Share your bread with the hungry, and bring the homeless poor into your house; when you see the naked, cover them,and not hide yourself from your own kin… Then your light shall break forth like the dawn. For Balthasar, light “as such, is life and love”; its opposition to darkness is not that of two poles of equal existential weight, but is, as Erich Przywara might put it, an “ever-greater.” Light is at once self-communicative and revelatory of the other; it manifests its source and it brings to the fore the already-present on which it falls. It is an energetic relationality. In his work Explorations in Metaphysics, Jesuit philosopher Norris Clarke writes:

This natural tendency to self-giving is a revelation of the natural fecundity or “generosity” rooted in the very nature of being itself. We are immediately reminded of the ancient Platonic tradition – well known to St. Thomas – of the “self-diffusiveness of the Good” (bonum est diffusivum sui, as the Latins put it). What St. Thomas has done is to incorporate this whole rich tradition of the fecundity of the Good into his own philosophy of being, turning this self-diffusiveness, which the Platonic tradition identified as proper to what they considered the ultimate ground of reality, the Good, into a property of being itself, of which the good now becomes one inseparable aspect (or transcendental property)… the good is a derivative property of existential being itself, expressing more explicitly the primal dynamism of self-expansiveness and self-giving inherent in the very nature of being as act of existence.

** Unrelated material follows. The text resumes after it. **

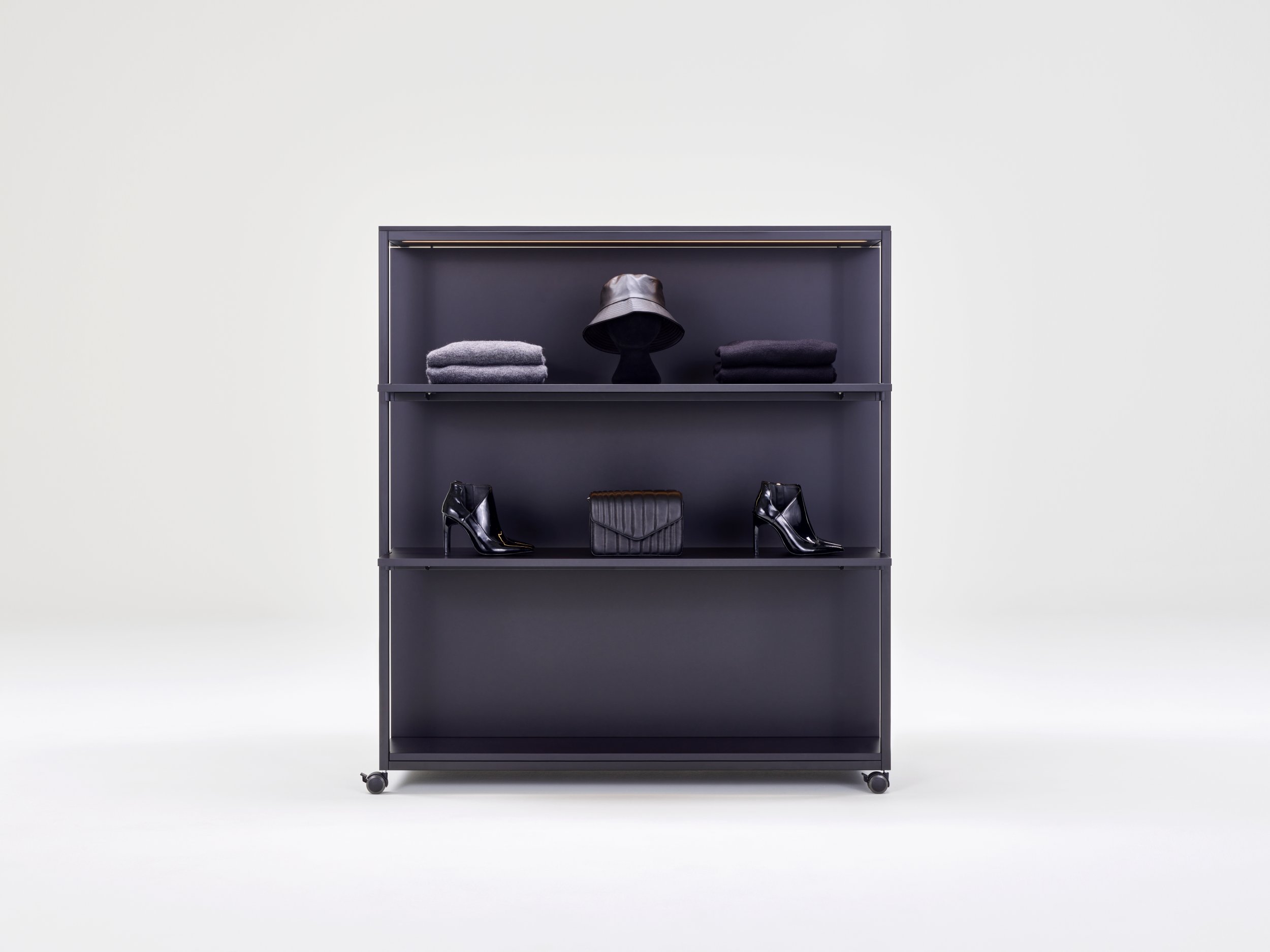 Qubo M module on castors equipped with fashion merchandise.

A thing is according to its operation, by a well-known axiom. For us to be good (not merely ethically, but at all) we must be in act, as an illuminative ray of self-diffusive relationality. St. Thérèse had a threadbare habit, held together with pins, that she loved so much that no one could get it away from her. There is something indescribably beautiful about a love that does not wane according to the “desirability” of its object, a love that is specified by the force of its subjective and preferential willing, and neither predicated conditionally nor abashed at its absence of mimetic leverage. The love that is vivifying and generative enough to make things real, even when they have no other luster.

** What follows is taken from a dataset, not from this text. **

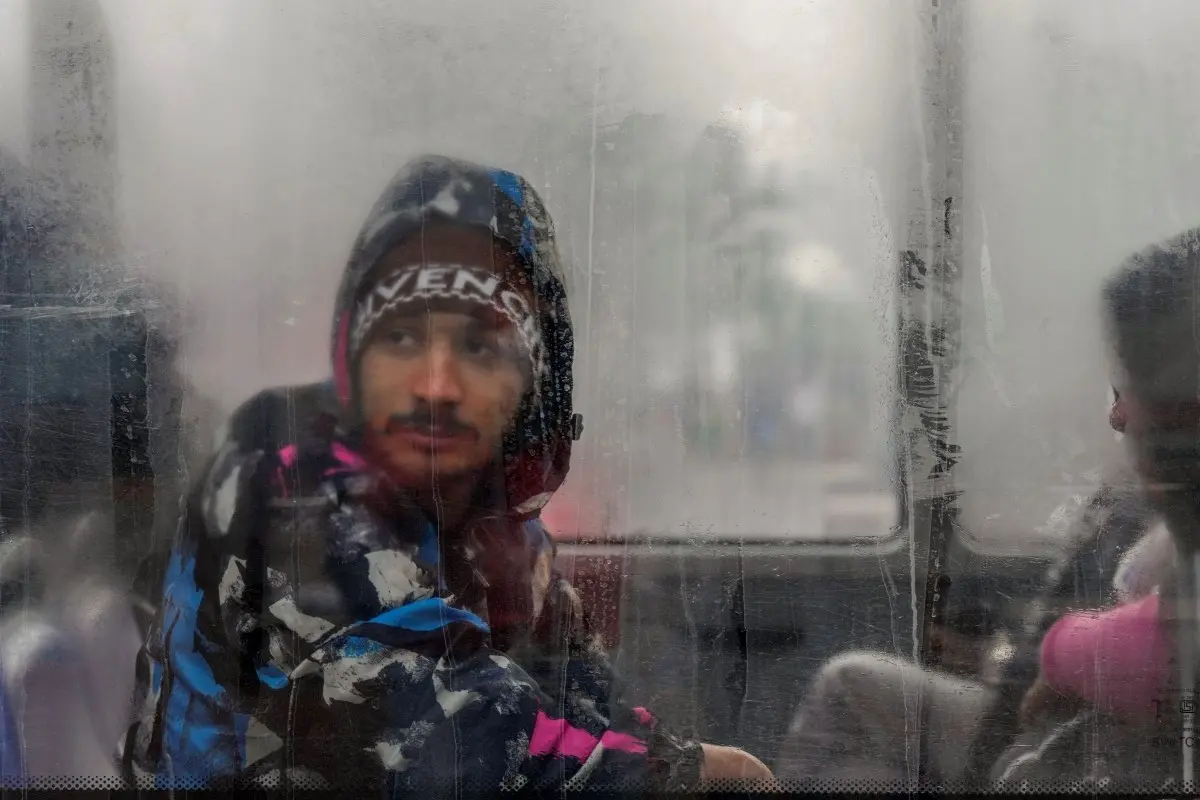 A passenger looks through a window on a cold winter morning, in New Delhi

The sixteenth chapter of the Book of Ezekiel describes God’s exercise of the preferential option for the least. The covenantal nurturance offered to one utterly forsaken at birth formed in her a royal dignity. This is what the virtue of poverty does: it sees deep into that which is rejected, according to a sweeping teleological vision, and through the abasement of committed cherishing, projects beauty and newness where there had been only misery. To drive the point home in a way perhaps even more accessible, consider this passage from a great and well-loved children’s book, wherein ontological prowess is conferred on an object just as it, ragged and contaminated, is discarded in a burn-pile:

Real isn’t how you are made… It’s a thing that happens to you. When a child loves you for a long, long time – not just to play with, but REALLY loves you – then you become Real.

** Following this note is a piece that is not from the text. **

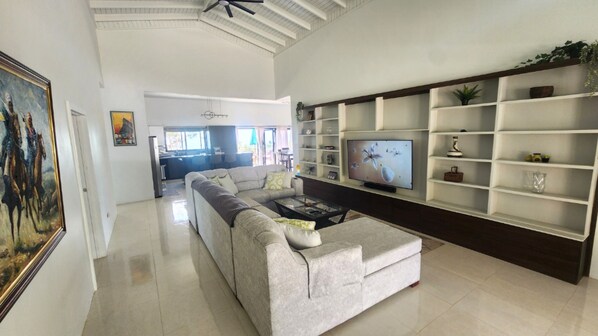 Relax in this spacious living area with a large sofa, flat-screen TV, and dining space.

Poverty itself, the giving, and the reversal of fortune incorporating all of the anawim personified by Lazarus in the bosom of Abraham – all reflect the inner vitality of the Godhead. Every story of liberation expresses something, via the succession of events, of the eternality of the Persons, for whom absolute giving and absolute exaltation are a perfect simultaneity.

In his General Audience of November 11, 1964, St. Paul VI pointed out that “the poor are representatives of Christ,” and compared the image of the Lord in the poor to that seen in the pope. He affirmed this truth with these words, cited by Leo in Dilexi te:

The representation of Christ in the poor is universal; every poor person reflects Christ; that of the Pope is personal… The poor man and Peter can be one in the same person, clothed in a double representation; that of poverty and that of authority.

All of this is to be kept close to the heart through the praise in the Gloria text offered to “God, Almighty  Father.” Divine Power – the melding of poverty and authority – exactly as defined by Balthasar is the interpretive key of this movement of the Mass of the Poor.

Late this past Friday night, as I was completing the Sorrowful Mysteries, I gazed over at the Velasquez crucifixion on my living room wall, the Sanctus occupying my mind, atmospherically and again inexorably. With the words “Lord God of Hosts,” the little descant overlay of the two highly trained sopranos among the choristers gracious enough to preview it for us came to prominence. The extent to which it seemed like mockery startled me, this title and this artistry as directed toward the epitome of abandonment, rejection and public shame. As Christians, it is Poverty, the very heart of poverty, which claims our worship. For God’s part, he is so enamored of this virtue, that he permits that he be vanquished by it; as St. Peter Julian Eymard preached, “the man that is poor in spirit will triumph over God himself.”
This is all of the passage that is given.